■ Requirement:
Every line of the listing below should come back exactly as written, with no images.

■ Given records:
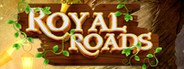 Can I Run Royal Roads?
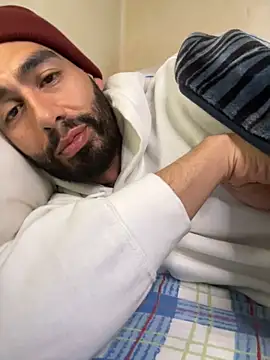 indosmoke online show from December 2024 10:13:01 PM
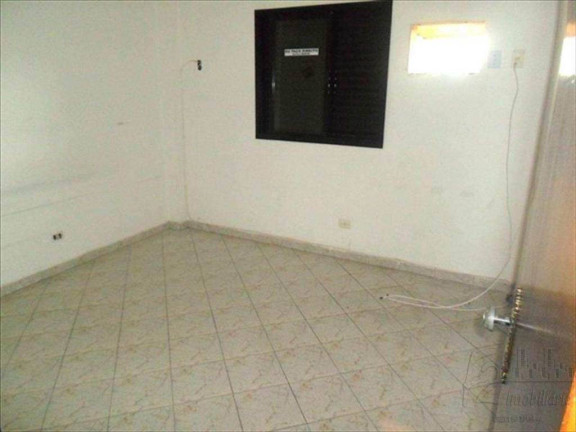 Imagem Apartamento com 2 Quartos à Venda, 228 m² em Campo Da Aviacao - Praia Grande Imagem Apartamento com 2 Quartos à Venda, 228 m² em Campo Da Aviacao - Praia Grande
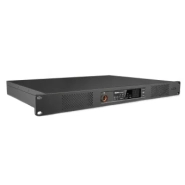 Ретранслятор Hytera HR1065 VHF: характеристики и монтаж ultratel.ru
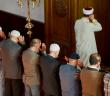 İmamın Arkasında Saf Düzeni İle İlgili Hadis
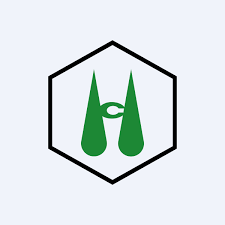 Heranba Industries Ltd. logo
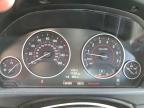 2014 Bmw 328 Xi Sulev იყიდება Columbus-ში, OH - Front End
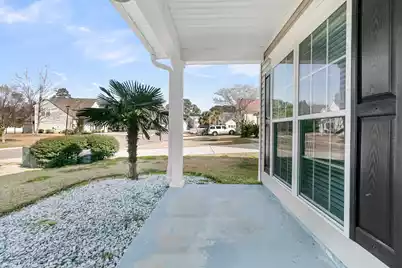 7478 Hawks Circle, Hanahan, SC 29410 - Photo 6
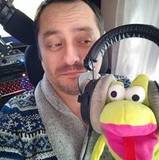 Cyril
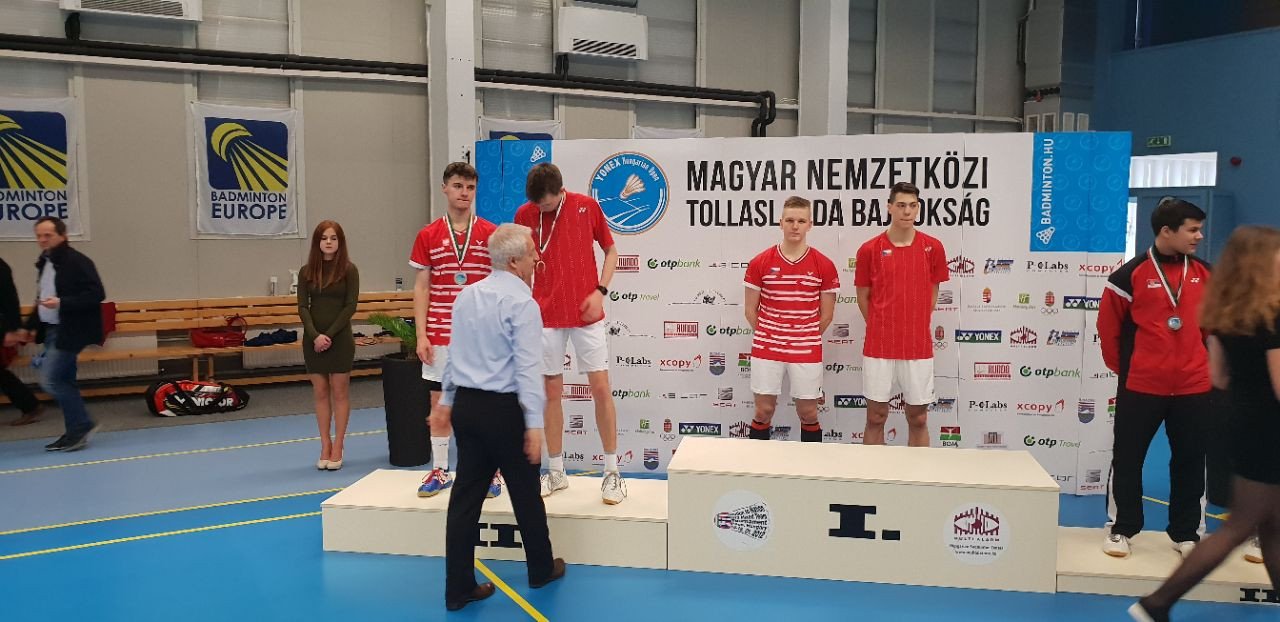ukasz-cimosz-drugi-w-wegierskim-pecs-79691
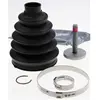 Asmanchetten set 36851 Spidan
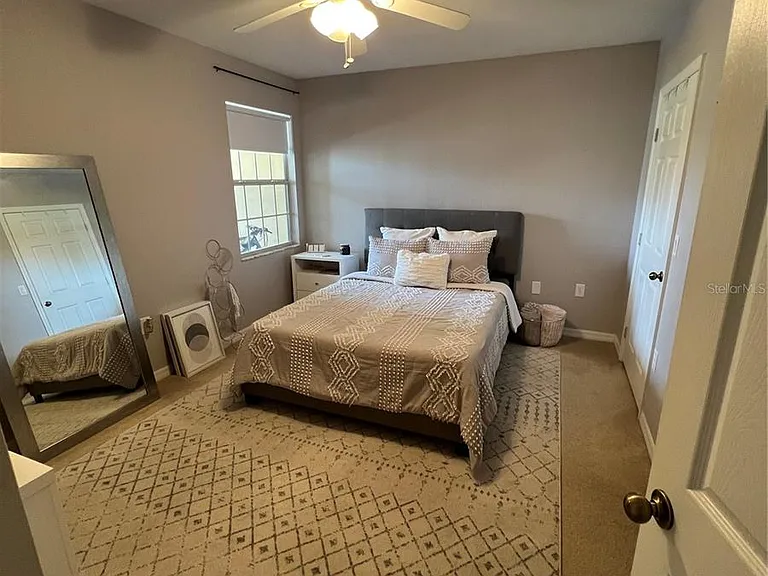 1155 Villagio Cir #202 — Photo 7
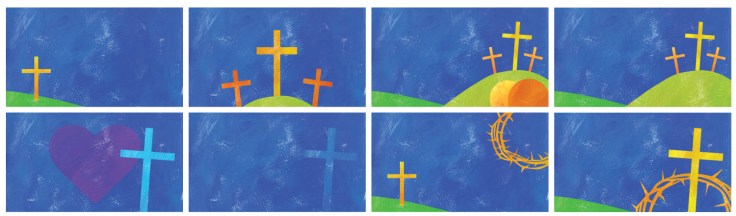 Blue-Easter-Backgrounds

■ Written response:
 Can I Run Royal Roads?
 indosmoke online show from December 2024 10:13:01 PM
 Imagem Apartamento com 2 Quartos à Venda, 228 m² em Campo Da Aviacao - Praia Grande Imagem Apartamento com 2 Quartos à Venda, 228 m² em Campo Da Aviacao - Praia Grande
 Ретранслятор Hytera HR1065 VHF: характеристики и монтаж ultratel.ru
 İmamın Arkasında Saf Düzeni İle İlgili Hadis
 Heranba Industries Ltd. logo
 2014 Bmw 328 Xi Sulev იყიდება Columbus-ში, OH - Front End
 7478 Hawks Circle, Hanahan, SC 29410 - Photo 6
 Cyril
ukasz-cimosz-drugi-w-wegierskim-pecs-79691
 Asmanchetten set 36851 Spidan
 1155 Villagio Cir #202 — Photo 7
 Blue-Easter-Backgrounds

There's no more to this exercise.